WHAT IS REQUIRED:
Pictures excluded, output the lines of the data below between the one holding "The Wounded Storyteller" and the one holding "ABIDZAR NYANYI INIKAH", inclusive, exactly as they stand.

DATA EXTRACT:
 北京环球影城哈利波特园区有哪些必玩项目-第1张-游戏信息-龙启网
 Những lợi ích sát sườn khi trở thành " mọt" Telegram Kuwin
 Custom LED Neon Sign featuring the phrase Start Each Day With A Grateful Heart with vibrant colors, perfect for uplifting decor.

--

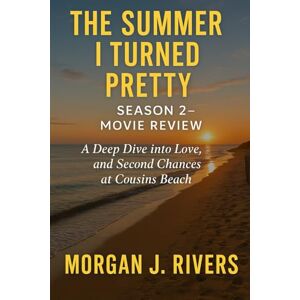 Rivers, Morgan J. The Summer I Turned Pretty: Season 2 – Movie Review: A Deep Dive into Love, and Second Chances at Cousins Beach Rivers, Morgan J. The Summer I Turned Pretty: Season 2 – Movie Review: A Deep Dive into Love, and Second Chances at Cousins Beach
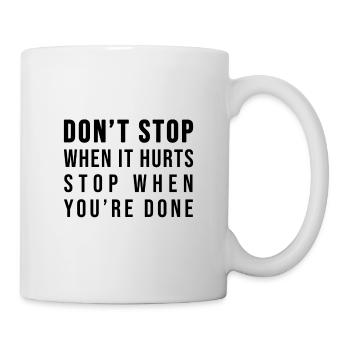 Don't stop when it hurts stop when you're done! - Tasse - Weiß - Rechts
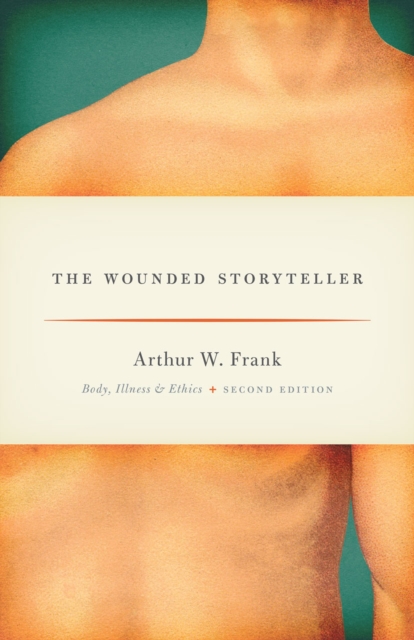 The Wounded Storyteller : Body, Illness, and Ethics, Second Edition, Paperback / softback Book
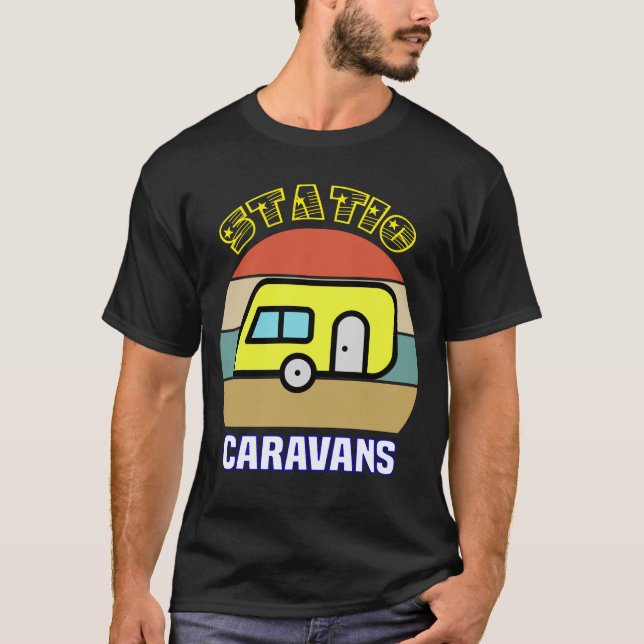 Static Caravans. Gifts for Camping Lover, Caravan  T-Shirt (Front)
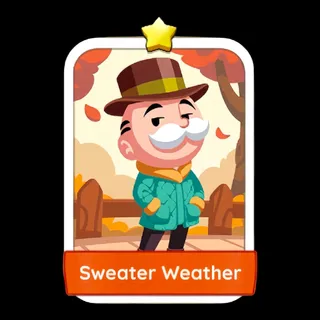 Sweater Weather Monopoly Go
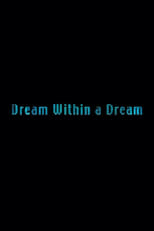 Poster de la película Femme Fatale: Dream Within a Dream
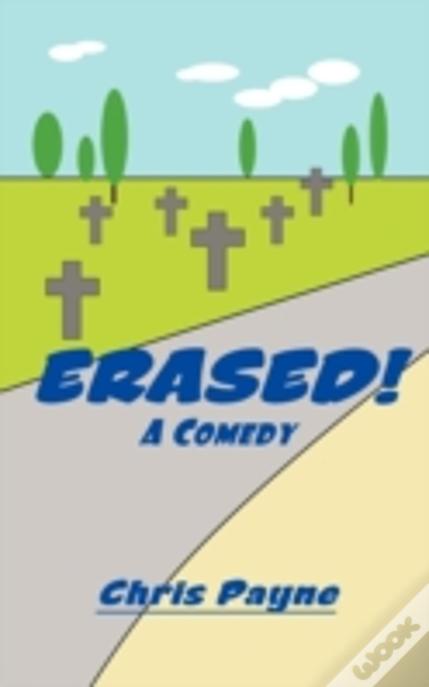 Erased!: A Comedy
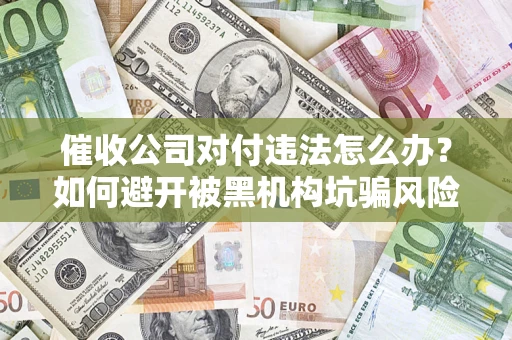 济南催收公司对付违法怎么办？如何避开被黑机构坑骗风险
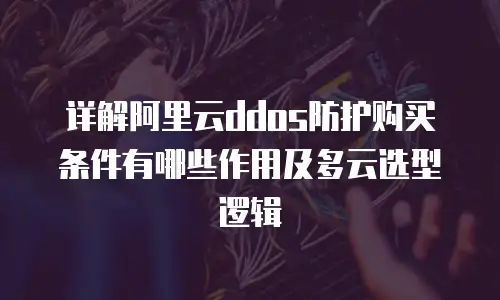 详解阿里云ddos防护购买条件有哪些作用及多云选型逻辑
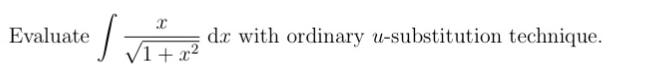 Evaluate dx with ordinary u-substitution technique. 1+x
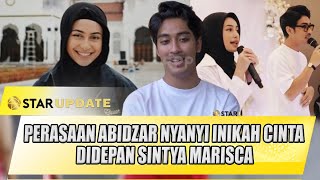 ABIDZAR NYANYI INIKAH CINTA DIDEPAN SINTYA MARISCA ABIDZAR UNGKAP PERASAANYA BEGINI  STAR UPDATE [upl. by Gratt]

SOLUTION FOR THIS PROBLEM:
 The Wounded Storyteller : Body, Illness, and Ethics, Second Edition, Paperback / softback Book
 Static Caravans. Gifts for Camping Lover, Caravan  T-Shirt (Front)
 Sweater Weather Monopoly Go
 Poster de la película Femme Fatale: Dream Within a Dream
 Erased!: A Comedy
 济南催收公司对付违法怎么办？如何避开被黑机构坑骗风险
 详解阿里云ddos防护购买条件有哪些作用及多云选型逻辑
 Evaluate dx with ordinary u-substitution technique. 1+x
 ABIDZAR NYANYI INIKAH CINTA DIDEPAN SINTYA MARISCA ABIDZAR UNGKAP PERASAANYA BEGINI  STAR UPDATE [upl. by Gratt]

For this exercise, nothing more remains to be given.